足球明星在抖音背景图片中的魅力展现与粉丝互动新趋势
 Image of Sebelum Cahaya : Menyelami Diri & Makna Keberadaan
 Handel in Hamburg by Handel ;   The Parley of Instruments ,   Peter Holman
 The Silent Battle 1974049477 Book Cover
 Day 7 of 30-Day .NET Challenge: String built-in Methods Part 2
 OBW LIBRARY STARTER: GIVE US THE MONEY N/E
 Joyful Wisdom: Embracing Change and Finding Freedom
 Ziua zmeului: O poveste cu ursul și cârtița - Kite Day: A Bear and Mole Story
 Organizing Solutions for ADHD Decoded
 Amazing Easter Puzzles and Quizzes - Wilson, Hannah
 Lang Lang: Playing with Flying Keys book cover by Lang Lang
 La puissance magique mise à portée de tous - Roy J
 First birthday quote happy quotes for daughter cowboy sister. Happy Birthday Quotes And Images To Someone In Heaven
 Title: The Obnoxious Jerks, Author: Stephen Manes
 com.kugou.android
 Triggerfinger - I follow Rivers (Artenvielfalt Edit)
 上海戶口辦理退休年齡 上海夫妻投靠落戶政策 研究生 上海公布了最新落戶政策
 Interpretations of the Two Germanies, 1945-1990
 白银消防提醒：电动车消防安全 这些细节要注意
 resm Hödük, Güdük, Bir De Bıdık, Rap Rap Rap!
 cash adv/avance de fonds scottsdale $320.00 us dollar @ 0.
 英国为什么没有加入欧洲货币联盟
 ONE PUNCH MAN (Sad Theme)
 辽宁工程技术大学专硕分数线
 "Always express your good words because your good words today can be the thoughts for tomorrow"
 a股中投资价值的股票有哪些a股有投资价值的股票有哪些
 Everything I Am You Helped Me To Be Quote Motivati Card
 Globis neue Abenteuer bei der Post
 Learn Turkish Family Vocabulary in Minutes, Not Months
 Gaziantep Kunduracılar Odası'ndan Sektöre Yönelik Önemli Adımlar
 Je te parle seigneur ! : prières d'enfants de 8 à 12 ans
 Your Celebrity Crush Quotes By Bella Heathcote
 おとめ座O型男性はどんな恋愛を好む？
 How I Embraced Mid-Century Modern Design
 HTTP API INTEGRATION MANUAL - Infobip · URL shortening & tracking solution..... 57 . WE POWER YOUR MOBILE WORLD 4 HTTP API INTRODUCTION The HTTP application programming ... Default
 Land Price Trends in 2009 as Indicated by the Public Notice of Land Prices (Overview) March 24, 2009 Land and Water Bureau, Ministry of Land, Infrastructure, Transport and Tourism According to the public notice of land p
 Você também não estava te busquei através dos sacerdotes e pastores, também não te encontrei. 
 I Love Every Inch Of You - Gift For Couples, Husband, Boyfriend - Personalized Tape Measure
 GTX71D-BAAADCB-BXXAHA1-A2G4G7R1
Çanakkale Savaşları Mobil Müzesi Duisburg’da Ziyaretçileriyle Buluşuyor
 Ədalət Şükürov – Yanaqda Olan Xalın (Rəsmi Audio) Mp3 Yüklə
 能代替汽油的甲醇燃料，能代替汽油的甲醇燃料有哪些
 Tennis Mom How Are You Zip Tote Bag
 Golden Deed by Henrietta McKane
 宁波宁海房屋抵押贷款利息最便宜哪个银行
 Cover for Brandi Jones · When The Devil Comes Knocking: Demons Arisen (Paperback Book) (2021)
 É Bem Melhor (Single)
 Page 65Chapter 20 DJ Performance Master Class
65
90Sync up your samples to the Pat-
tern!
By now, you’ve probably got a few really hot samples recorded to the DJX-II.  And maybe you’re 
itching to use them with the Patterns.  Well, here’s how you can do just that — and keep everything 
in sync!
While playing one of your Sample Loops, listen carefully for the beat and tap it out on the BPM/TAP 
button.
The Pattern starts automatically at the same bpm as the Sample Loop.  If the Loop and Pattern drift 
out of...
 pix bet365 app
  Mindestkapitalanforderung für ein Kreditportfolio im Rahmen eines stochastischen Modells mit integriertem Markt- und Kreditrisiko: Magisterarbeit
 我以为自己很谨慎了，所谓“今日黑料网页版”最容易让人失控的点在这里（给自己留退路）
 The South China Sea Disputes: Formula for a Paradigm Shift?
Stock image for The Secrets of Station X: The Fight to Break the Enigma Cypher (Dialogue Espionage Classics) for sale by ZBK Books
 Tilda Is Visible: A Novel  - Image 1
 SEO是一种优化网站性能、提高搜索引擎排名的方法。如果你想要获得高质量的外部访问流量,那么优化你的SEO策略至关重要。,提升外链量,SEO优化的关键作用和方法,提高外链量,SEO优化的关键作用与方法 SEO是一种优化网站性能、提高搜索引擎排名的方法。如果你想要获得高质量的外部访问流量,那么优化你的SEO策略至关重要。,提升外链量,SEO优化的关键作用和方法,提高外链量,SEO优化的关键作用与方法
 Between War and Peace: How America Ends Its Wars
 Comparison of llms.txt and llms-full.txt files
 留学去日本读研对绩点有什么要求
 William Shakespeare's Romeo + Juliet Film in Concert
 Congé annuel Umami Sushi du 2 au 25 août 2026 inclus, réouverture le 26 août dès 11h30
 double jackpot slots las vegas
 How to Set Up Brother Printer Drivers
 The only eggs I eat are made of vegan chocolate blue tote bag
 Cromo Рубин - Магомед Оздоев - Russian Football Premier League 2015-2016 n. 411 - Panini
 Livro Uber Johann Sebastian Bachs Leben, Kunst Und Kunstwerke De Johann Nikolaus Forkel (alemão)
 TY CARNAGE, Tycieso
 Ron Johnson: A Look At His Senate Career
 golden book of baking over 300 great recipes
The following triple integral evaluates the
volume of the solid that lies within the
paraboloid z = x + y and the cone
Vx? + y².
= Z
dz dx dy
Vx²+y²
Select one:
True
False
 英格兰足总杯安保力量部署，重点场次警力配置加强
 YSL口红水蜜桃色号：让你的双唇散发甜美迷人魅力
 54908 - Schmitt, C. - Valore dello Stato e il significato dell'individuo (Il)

::::

Please return the lines above that run from the line containing "Image of Sebelum" to the line containing "Joyful Wisdom: Embracing", inclusive, exactly and with no other lines.

◆ Exercise output ◆
 Image of Sebelum Cahaya : Menyelami Diri & Makna Keberadaan
 Handel in Hamburg by Handel ;   The Parley of Instruments ,   Peter Holman
 The Silent Battle 1974049477 Book Cover
 Day 7 of 30-Day .NET Challenge: String built-in Methods Part 2
 OBW LIBRARY STARTER: GIVE US THE MONEY N/E
 Joyful Wisdom: Embracing Change and Finding Freedom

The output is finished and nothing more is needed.